Tomorrow is the last day to wake up in 2024, it has been a year of healing. Currently, I am so excited for 2025! This morning, I made a list of goals for the next six months and am expectant of watching those unfold. If you haven’t started action planning yet, maybe this can be your year. I’ve found that having the categories of relational, spiritual, physical, financial and leisure (others might include occupational and one day you might haha) help me break down what areas I want to be intentional with. Positive reinforcement has also been huge in successfully meeting those goals!

I mainly wanted to be vulnerable with you about the healing that’s taken place this year. I know vulnerability can be scary/uncomfortable due to your past experiences. I am sorry for the times individuals didn’t handle your heart with care when you needed it. They are human and we all miss moments of loving each other well. Take the good and bad examples of what is or isn’t beneficial so that you hopefully can be an example of love to your neighbor! 

A couple ways I was loved well this year were in safe spaces. I learned in the right environment is where I grow best. If something has been wounded then it needs the space to regrow and repair itself and that’s what happened to my heart this year. 

For me this has been in the context of relationships. I want to give others what I received this year, which was a space to let the rawness of my heart be seen. No filter was used to express the highlight of the day to the thoughts/pains causing me discomfort.

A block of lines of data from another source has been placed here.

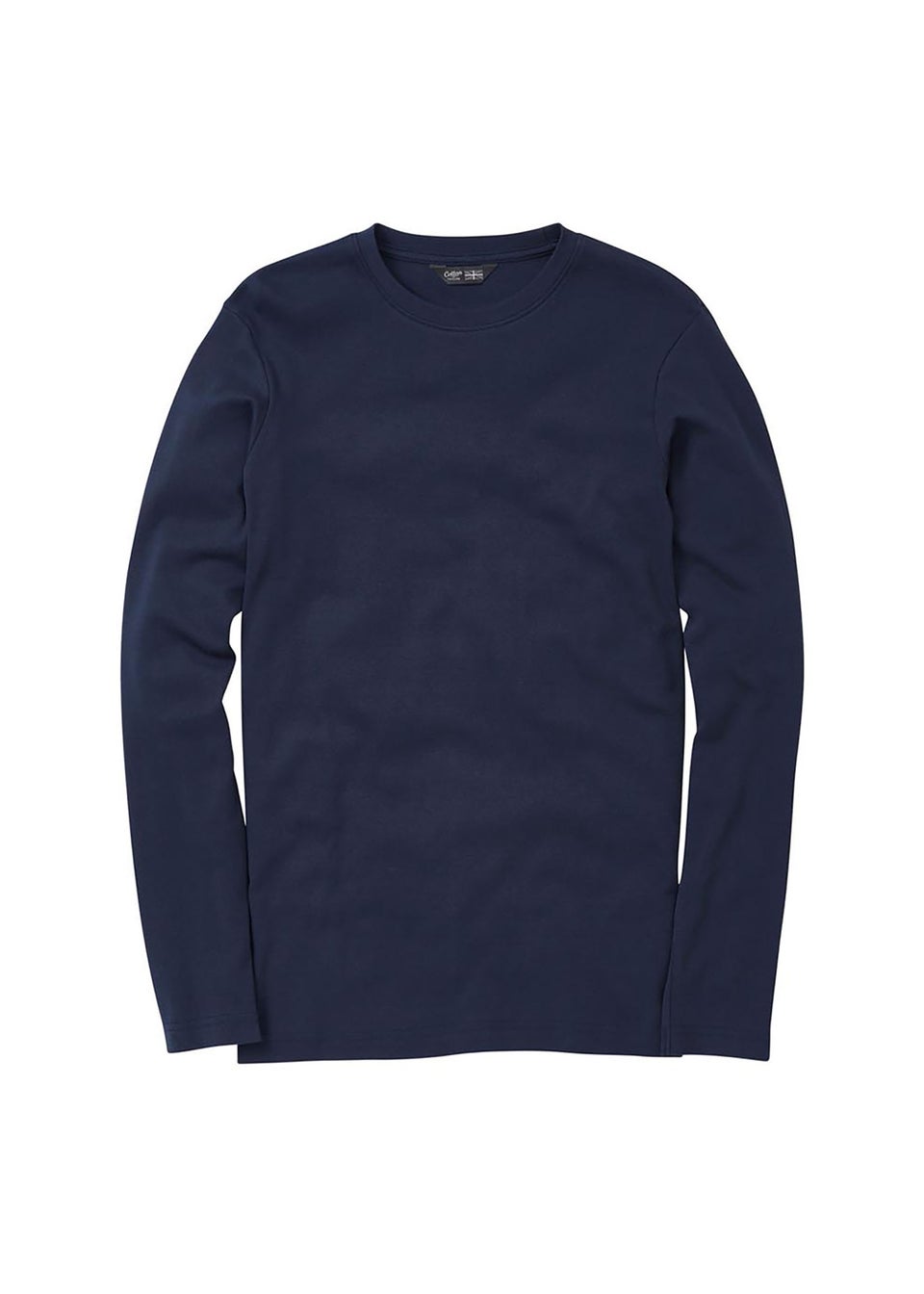 Cotton Traders Navy Long Sleeve Crew Neck Base Layer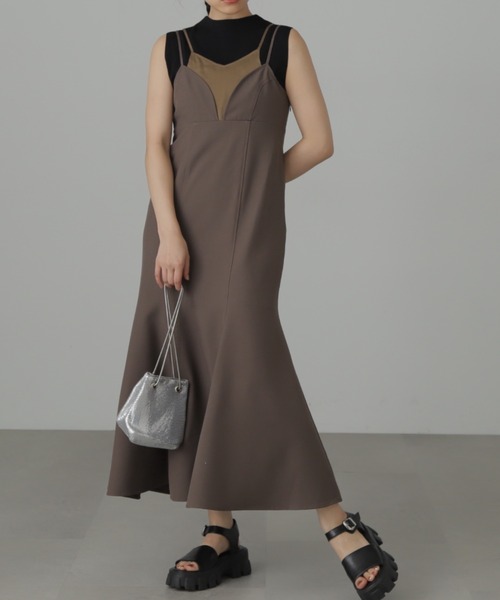 FREE'S MART（フリーズマート）の「◆トップレイヤードキャミマーメイドワンピース（ワンピース・レディース・ブラウン/ブラック/ブルー・SMALL/MEDIUM）」の22枚目の写真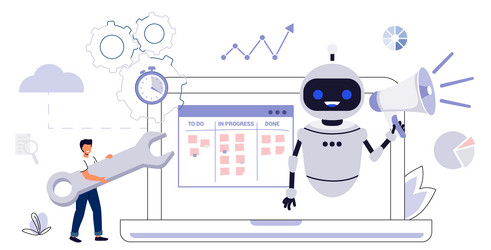 rpa robotic process automation innovation vector image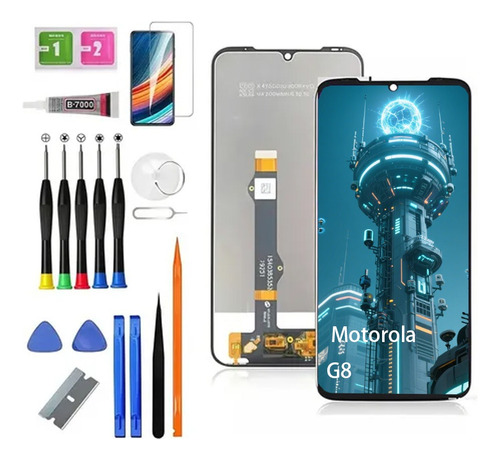 Pantalla Lcd Táctil Touch Display Para Motorola G8 Plus Lcd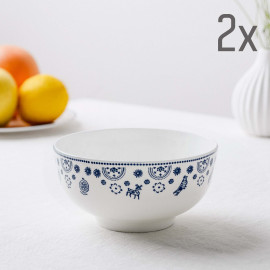 Bowl (2 pcs) - indigo - Porcelain - 11cm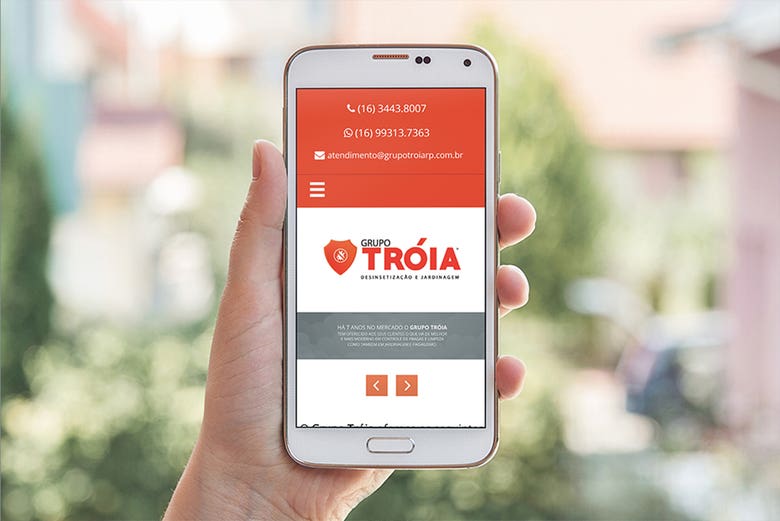 Grupo Tróia - Website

In that I established who are core individuals that I could let them see it all, be heard and be known. Once I felt known is where I felt I could be confident again in the parts of me that shine. Once I felt known is where I felt I didn’t have to be alone in the areas that I desired to grow in. Some of the greatest gifts I believe have ever received from another person have been being seen, heard and known. Through that combination, I have experienced feeling loved for every part of me and the environment my heart needs to grow. I hope everyone can experience the love my heart has had this past year. I hope everyone has or finds safe spaces. I hope I can be the example of love to others that I have received. 

So many things happen in a year, a month, a week and a day. I hope you take time to hold onto what made you feel loved today and continue to write about those things. Before you know it, it will be hard to see anything else. Everyday has been filled with blessings, some obvious and others in disguise. Sometimes it’s a note of appreciation and other times it’s having a hard conversation that’s uncomfortable at the time, but you realize it is strengthening your relationship and that far outweighs the uncomfortability that lasts for a moment. 

When I look back at 2024, all I can say is thank you. 

What do you think when you look back on your year? What do you need to have a safe space to grow? Where do you want to go in the year to come?